Pubdate: Thu, 28 Jul 2016
Source: Buffalo News (NY)
Copyright: 2016 The Buffalo News
Contact: http://drugsense.org/url/GXIzebQL
Website: http://www.buffalonews.com/
Details: http://www.mapinc.org/media/61
Author: Katharine Q. Seelye, New York Times

NARCAN SAVES LIVES BUT AT A COST

Critics Say Drug Allows Addicts to Take More Risks

PORTLAND, Maine - A woman in her 30s was sitting in a car in a 
parking lot here last month, shooting up heroin, when she overdosed. 
Even after the men she was with injected her with naloxone, the drug 
that reverses opioid overdoses, she remained unconscious. They called 911.

Firefighters arrived and administered oxygen to improve her 
breathing, but her skin had grown gray and her lips had turned blue. 
As she lay on the asphalt, the paramedics slipped a needle into her 
arm and injected another dose of naloxone.

In a moment, her eyes popped open. Her pupils were pinpricks. She was 
woozy and disoriented, but eventually got her bearings as paramedics 
put her on a stretcher and whisked her to a hospital.

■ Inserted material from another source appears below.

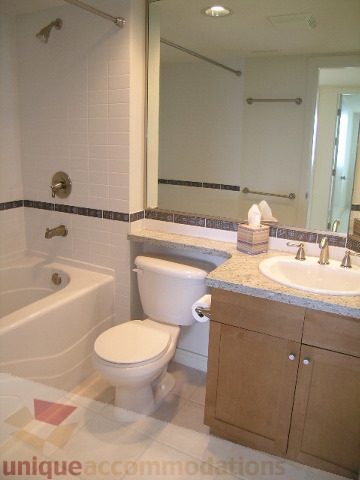Bathroom with granite countertops, modern fixtures, and a large mirror. - 8601 Seascape Place, West Vancouver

Every day across the country, hundreds, if not thousands, of people 
who overdose on opioids are being brought back to life with naloxone. 
Hailed as a miracle drug by many, it carries no health risk; it 
cannot be abused and, if given mistakenly to someone who has not 
overdosed on opioids, does no harm. More likely, it saves a life.

As a virulent opioid epidemic continues to ravage the country, with 
78 people in the United States dying of overdoses every day, 
naloxone's use has increasingly moved out of medical settings, where 
it has been available since the 1970s, and into the homes and hands 
of the general public.

But naloxone, also known by the brand name Narcan, has also had 
unintended consequences. Critics say that it gives drug users a 
safety net, allowing them to take more risks as they seek higher 
highs. Indeed, many users overdose more than once, some multiple 
times, and each time, naloxone brings them back.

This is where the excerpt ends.